Cleven v R HC Auckland CRI 2011-404-268

Case

[2011] NZHC 1892

18 November 2011

No judgment structure available for this case.

IN THE HIGH COURT OF NEW ZEALAND AUCKLAND REGISTRY

CRI 2011-404-268

BETWEEN  PETER WILLIAM CLEVEN Appellant

ANDTHE QUEEN Respondent

Hearing:         15 November 2011

Appearances: R Mansfield for appellant

B Hamlin for respondent

Judgment:      18 November 2011

JUDGMENT OF ALLAN J

Solicitors:

R Mansfield, Auckland  [email protected]

Crown Solicitor Auckland,  [email protected]

CLEVEN V R HC AK CRI 2011-404-268 18 November 2011

[1]      This is an appeal against a sentence of 20 months imprisonment imposed upon the appellant by Judge Lovell-Smith in the Pukekohe District Court on 25 July

2011.  Mr Cleven had pleaded guilty to a charge of theft in respect of a 2005 Ducati motorcycle, valued at $15,000.

[2]      Mr Mansfield does not cavil at the Judge’s assessment of an appropriate term of imprisonment, but argues that a sentence of home detention ought to have been imposed instead.

Factual background

[3]      On 7 January 2011 the appellant sent a text message to the complainant, asking him to come to the appellant’s address with his Ducati motorcycle.   The complainant did so.  When he arrived, the appellant accused him of having had a relationship with the appellant’s partner in his absence.  There was an allegation of attempted drug rape.

[4]      Both the appellant and the complainant had an extensive criminal history.

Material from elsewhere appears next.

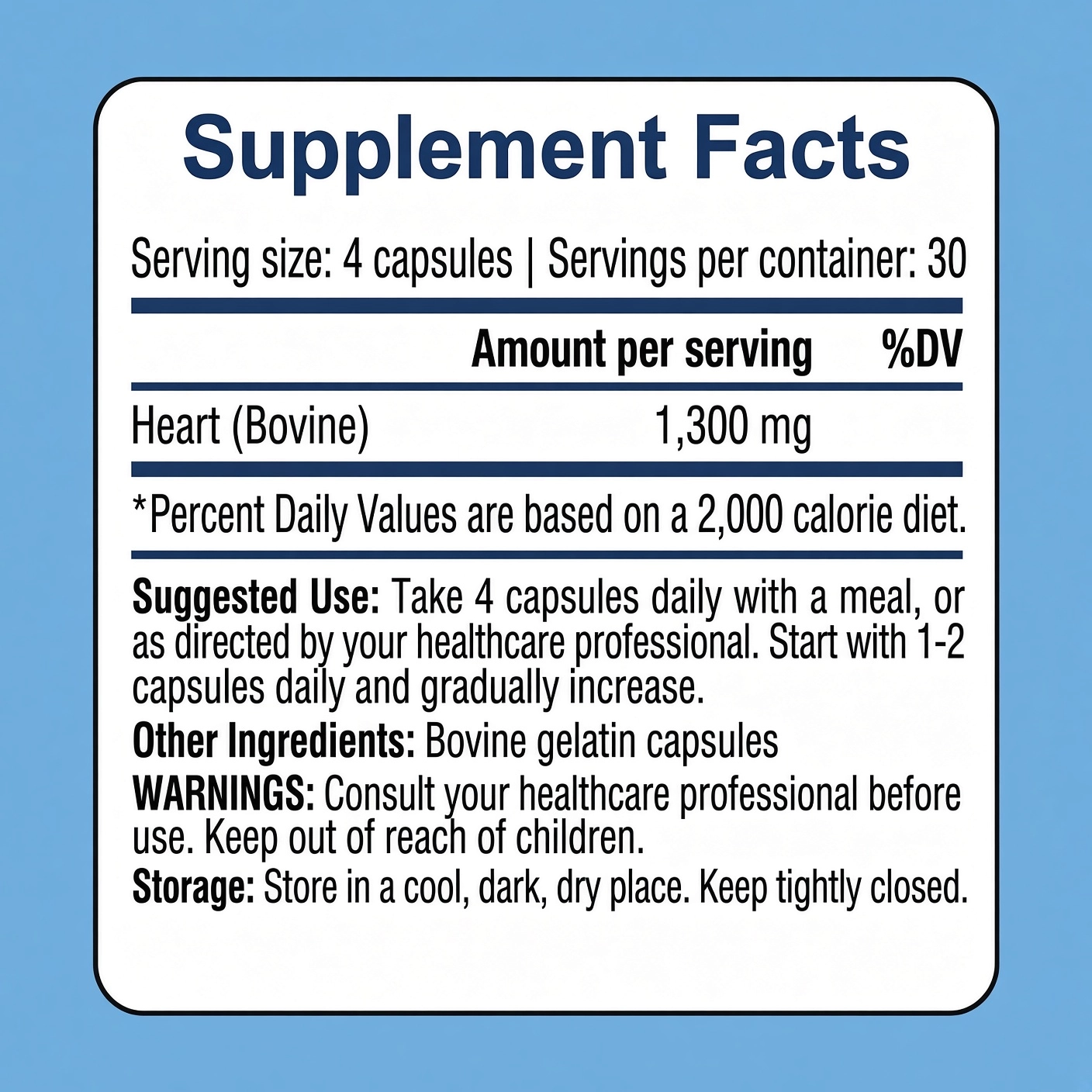 Grass fed beef heart capsules supplement facts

The appellant, a friend of the complainant, felt betrayed.  Motivated by a desire to protect his partner he took matters into his own hands and asked the complainant what the latter thought ought to be done.   Although the complainant denied any wrong-doing, he offered to repair the appellant’s driveway without charge.  He also suggested that the appellant give him (the complainant) a hiding.  Neither alternative was accepted by the appellant, who instead asked for the keys to the motorcycle. They were handed over by the complainant, who later said he had felt intimidated. The appellant indicated to the complainant that he did not intend to keep the bike, but that he would do so until the problems had been “sorted out”.

[5]      When the complainant returned to the appellant’s residence on 10 January

2011 (three days later), he was told he could have the bike back for $10,000.  Later, the appellant telephoned the complainant to advise that the price was now $11,000.

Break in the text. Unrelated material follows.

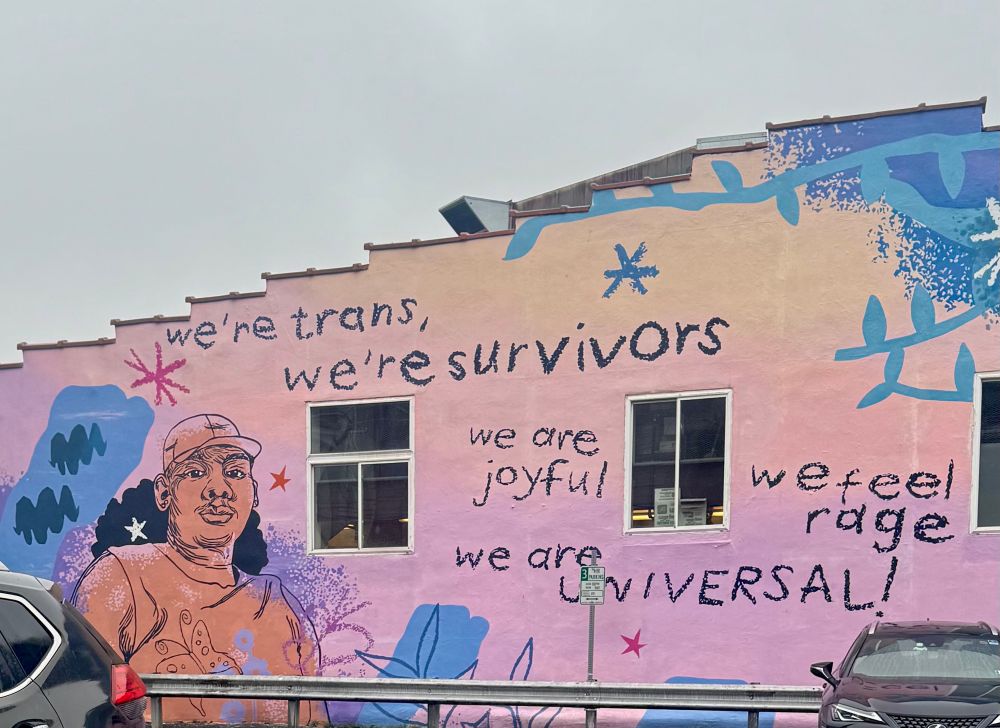 A blue & pink wall painting “we’re trans, we’re survivors . . .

[6]      On the following day, the appellant went to the complainant’s residence. There he waved a stick at the complainant, shouted at him and complained that the complainant had “disrespected” the appellant.   But the price for return of the motorcycle had fallen back to $10,000 once more.

[7]      On 13 January 2011 the appellant sent a text message to the complainant, asking  if  he  wanted  his  bike  back.    Thereafter,  the  appellant  transferred  the ownership of the bike into his own name.

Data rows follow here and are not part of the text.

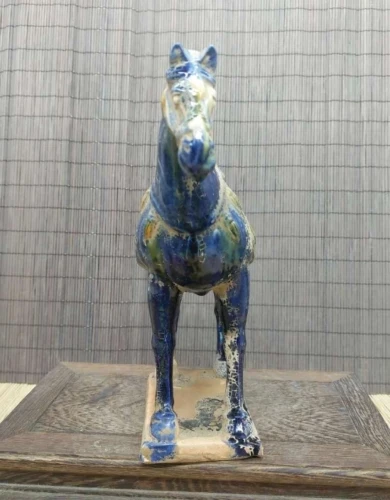 Collect China Ceramics Tri-Color Glazed Pottery Tang Dynasty War-horse Statue 4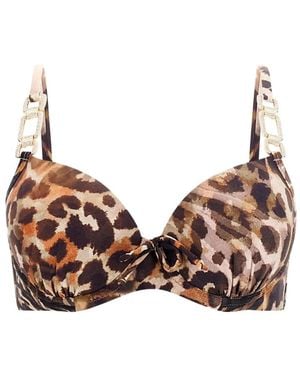 Guess Leopard-Print Crystal-Embellished Bikini Top - Brown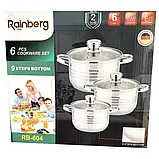 Набір каструль Rainberg RB-604 6 предметів, набір кухонного неіржавкого посуду з кришками, фото 4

[8]      The complainant complained to the police. The motorcycle was subsequently returned undamaged.

District Court sentencing

[9]      The Judge commenced her detailed sentencing remarks by reviewing the facts and then the appellant’s personal and offending history.  In particular, she noted the contents of the pre-sentence report, including a recommendation for a sentence of community work, saying that:[1]

… it seems as if home detention and community detention were carefully

considered by the probation officer, but not recommended.

[1] Sentencing notes at [10].

[10]     The Judge then noted that, as was accepted by counsel, there is no tariff sentence for theft, but that in R v Duncan,[2]  the Court of Appeal had identified as relevant factors to consider when determining a starting point, the value of the property taken, the level of premeditation, the degree of intrusiveness, and victim impact.  She noted that the Crown had contended for a starting point of between two and two and a half years imprisonment, to be increased by reason of the appellant’s criminal history, and the fact that he was subject to a sentence of community work and on parole at the time of the offending.

[2] R v Duncan [2009] NZCA 408.

[11]     The Judge said that counsel for the appellant had argued for a non-custodial sentence, in the light of a guilty plea at an early opportunity, genuine remorse,

absence of economic loss on the part of the victim, and evidence that the appellant was re-establishing himself in the community and within his family.

[12]     The Judge then turned to an extensive review of sentencing purposes and principles, following which she identified as aggravating features the level of premeditation, a degree of intrusiveness, the effect on the victim and the value of the property concerned.  In other words, she considered each of the Duncan elements as relevant to the assessment of an appropriate starting point.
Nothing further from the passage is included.